In Central Florida, the Floridan Aquifer is significantly but not perfectly shielded from industrial chemicals by thick layers of sand, clay and rock.

But Brodeur’s bill has also stalled.

“We did our best to advance the bill,” said Brodeur aide Victoria Mohebpour. “Because of the lack of movement in the House, the legislative timer ran short on it and ultimately missed its opportunity to be a ‘live’ bill for purposes of becoming law.”

Last summer, the Orlando Sentinel published its Toxic Secret series revealing the long but previously undisclosed history of how 1,4-dioxane contaminated a Seminole County portion of the Floridan Aquifer, the region’s key source of drinking water, and tainted the water systems of Lake Mary, Sanford and west Seminole County.

The state of Florida’s Department of Environmental Protection has been seeking to confirm the source of 1,4-dioxane and whether it migrated underground from a shuttered telecommunications factory in west Lake Mary.

Opening in the 1960s and producing electronic components for telephone systems, the plant is commonly identified as belonging to the industrial giant Siemens, the company that last operated it, but it is owned, according to state records, by General Dynamics, also a previous user of the manufacturing site.
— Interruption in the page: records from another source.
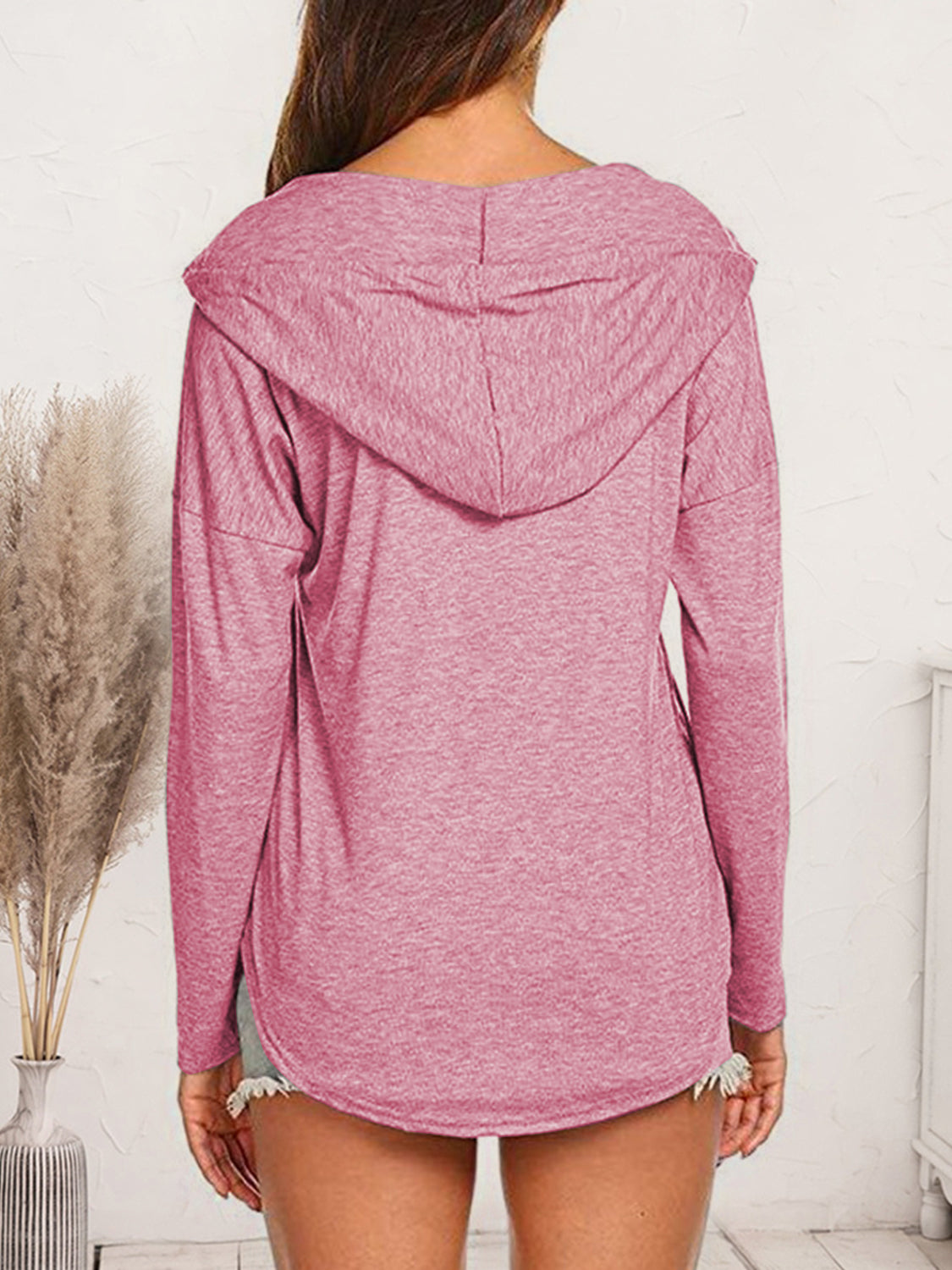Drawstring Dropped Shoulder Long Sleeve Hoodie - Tantalize Boutique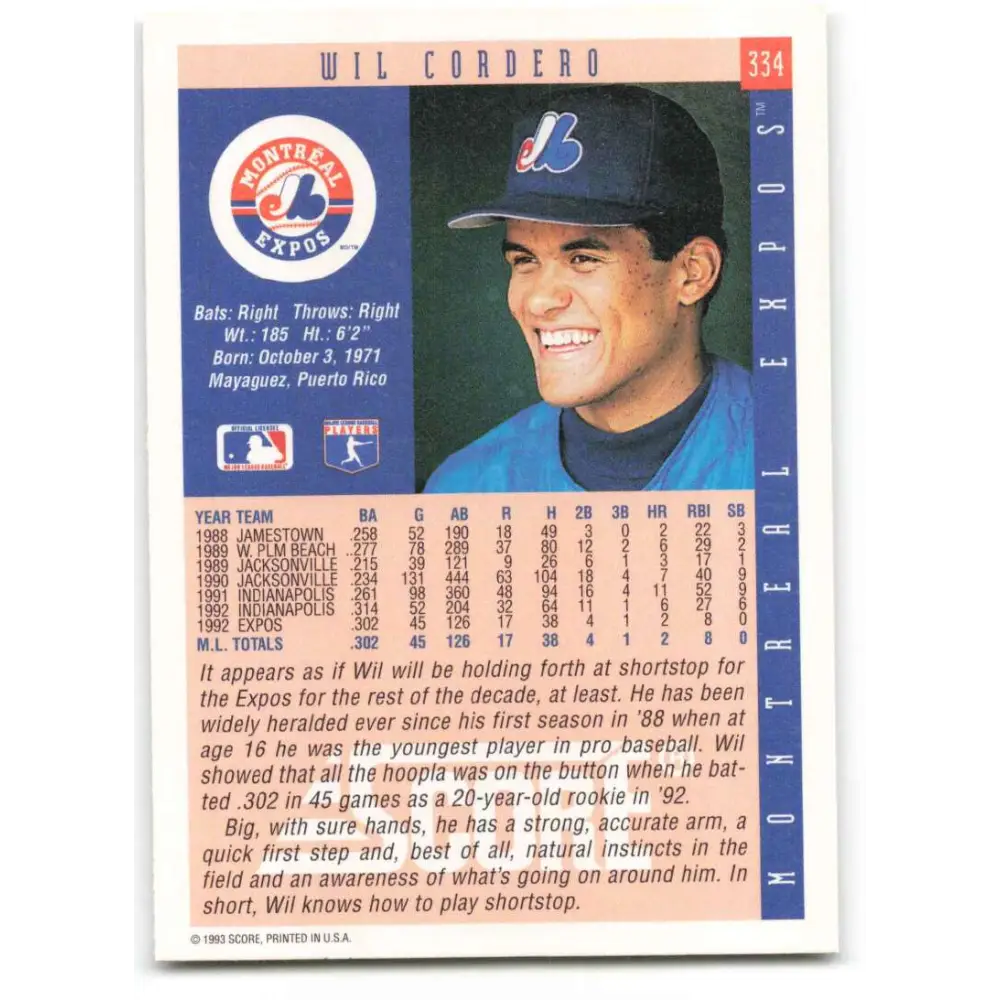 1993 Score #334 Wil Cordero NM-MT Montreal Expos Baseball Card Image 2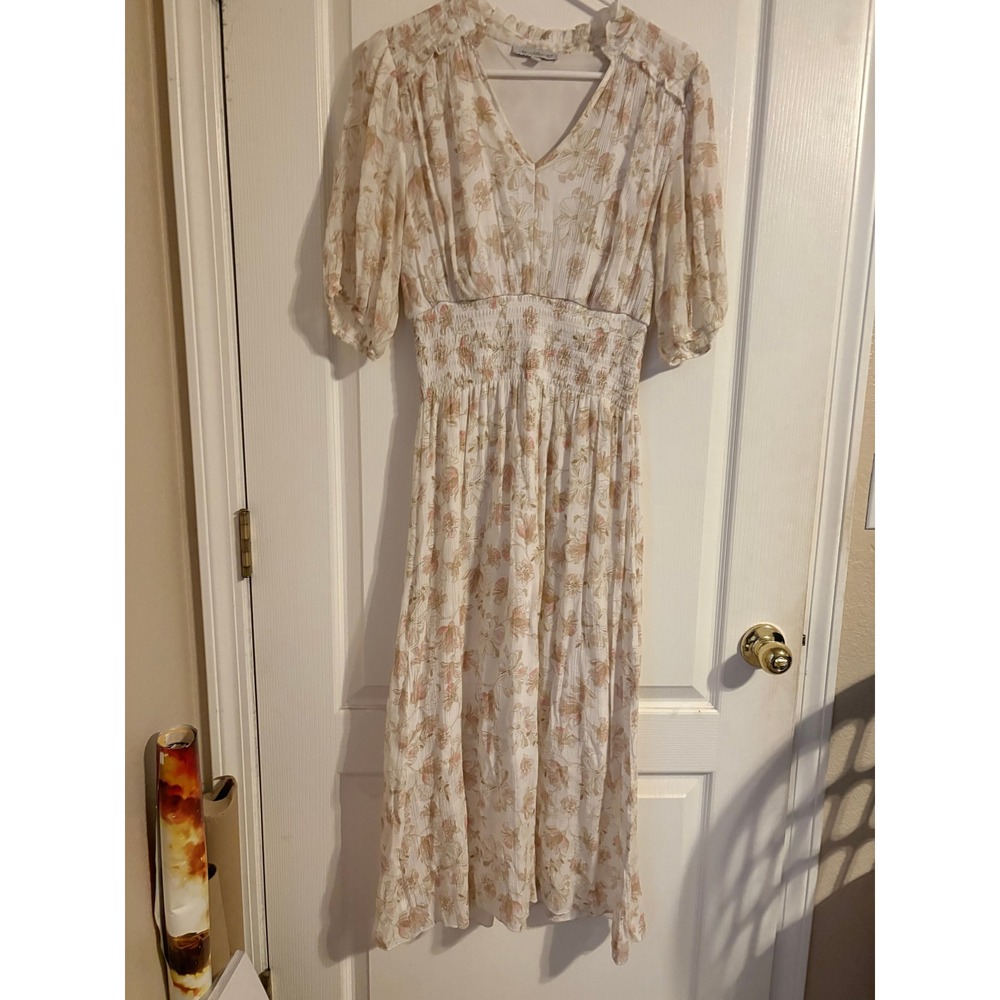 Keren Hart Floral Midi Dress Womens Medium Cream Pink‎ Smocked Waist Puff Sleeve
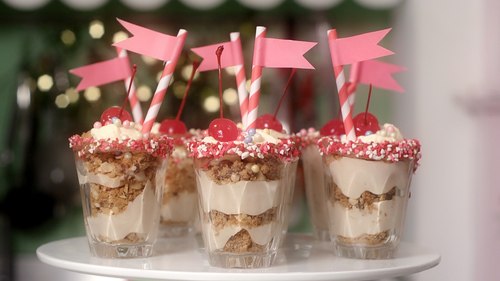 Mini chestnut cheesecake sundaes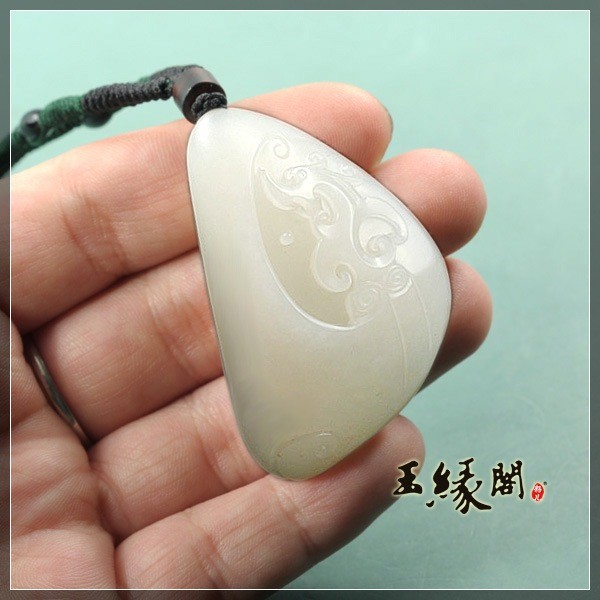 白玉籽料挂件 龙授天书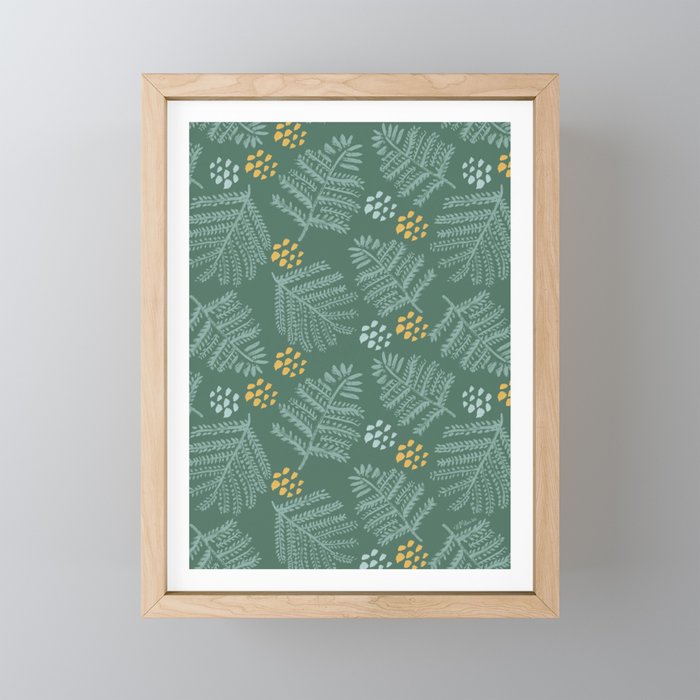 Winter & Woodsy Pine Trees in Forest Green Mini Art Print Gallery Image 1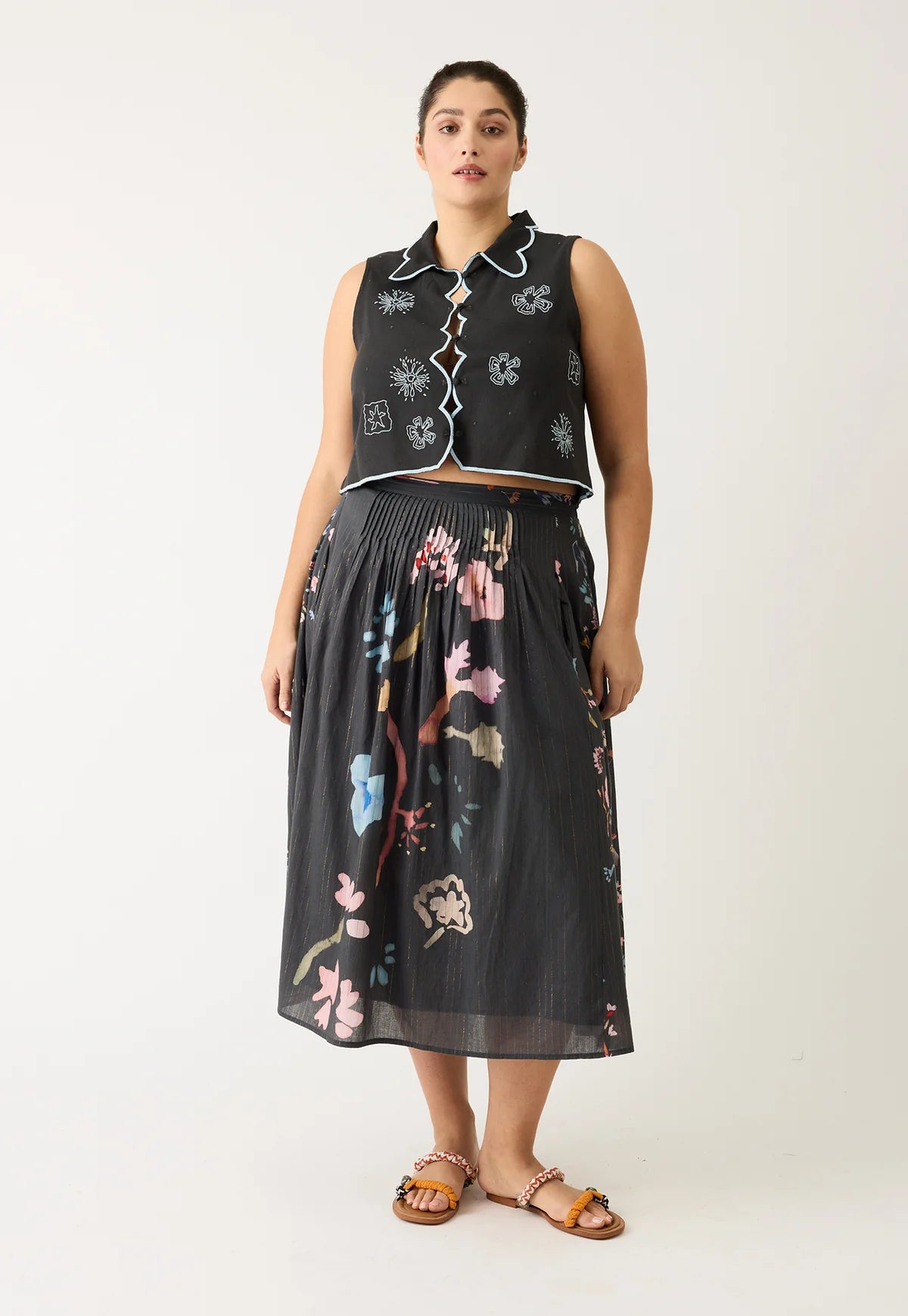 Nancybird Alma Yoke Skirt - Watercolour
In the early 2000s, environmental investigators documented that 1,4-dioxane was among the many chemicals contaminating soil and groundwater at the factory.

By then, scientists were warning that 1,4-dioxane at polluted manufacturing sites can blend readily with groundwater and spread rapidly through aquifers.

At the Siemens plant, investigators also found fissures in the underlying geology that may have funneled 1,4-dioxane into the aquifer.

It wasn’t until the mid-2010s that the chemical was detected in Lake Mary, Sanford and west Seminole County drinking water. Those findings were a result of one-time, nationwide research testing ordered by the EPA to evaluate the presence of chemicals of emerging concern.

As required, the two cities and the county reported those detections in their annual water reports at the time but provided little context and no reference to 1,4-dioxane having been categorized by the EPA as likely to cause cancer.

Although 1,4-dioxane remained in their water systems, its presence was not again publicly acknowledged until the Orlando Sentinel began its inquiry early last year.